I am a scientist who loves to cook because there are many similarities between working in a lab and cooking in a kitchen. I love to share my cooking experience with you and to inspire others to cook.

Monday, April 23, 2012

Cantaluope with Translucent Sago and Fragrant Coconut Syrup

This is one of my favorite desserts of all time. No surprise, it involves coconut milk. It is a refreshing yet rich dessert that is commonly consumed as a drink. A certain restaurant in New York City has perfected this dessert in an item on their menu called "Frozen Banana Tapioca" and I have been determine to revisit my childhood memory and to recreate that dish with my own interpretation.

Cantaloupe/Honey Dew/Papaya - 1 small fruit is more than enough
A bag of sago
Sugar (for making the syrup)
1 can of coconut cream

Each of the ingredient in this dessert needs to be prepared separately for assembly later.


A) Fruits  - cut into small pieces and refrigerate
B) Sago - cook until translucent.
C) Syrup - Boil approximately 2-3 cups of water. Add sugar until the syrup attains your preferred sweetness. Chill the syrup in the refrigerator.

1) Mix coconut cream with the syrup. I would start with a 1:1 ratio of coconut cream and syrup. There is a lot of freedom on how you much of each to use. It all depends on your taste and preference.
2) Lay the fruits at the bottom of a bowl, add the sago over the top and drizzle the coconut syrup.

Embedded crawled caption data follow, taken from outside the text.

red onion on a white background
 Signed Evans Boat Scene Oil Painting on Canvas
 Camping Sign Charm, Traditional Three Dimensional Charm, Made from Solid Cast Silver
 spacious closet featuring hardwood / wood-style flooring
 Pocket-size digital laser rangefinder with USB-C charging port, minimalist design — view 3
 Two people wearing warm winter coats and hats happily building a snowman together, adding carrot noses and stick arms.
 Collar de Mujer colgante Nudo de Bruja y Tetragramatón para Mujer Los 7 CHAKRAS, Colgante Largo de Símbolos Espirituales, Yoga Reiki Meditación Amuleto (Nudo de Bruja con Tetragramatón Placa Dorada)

It is that simple, isnt it?

Fresh fruit, the fragrance of coconut, the sweetness of the syrup and the soft texture of Sago. It dun't get any better than this. You can definitely use other fruits such as honeydew, papaya, watermelon, all kinds of berries and even banana.

Sunday, April 15, 2012

Braised Pork Belly with Preserved Vegetable

This is one of those dishes that I categorized under the title "Classic Mom's dishes".  I would ask my mom to make this dish whenever I get the opportunity, which is rare. I am a blessed with a mother who cooks really well and extremely blessed to have my mother sojourning at my place for a short term.

We finally made it to Chinatown to buy the necessary ingredients to make this dish:

Braised Pork Belly with Salted Dried Vegetable.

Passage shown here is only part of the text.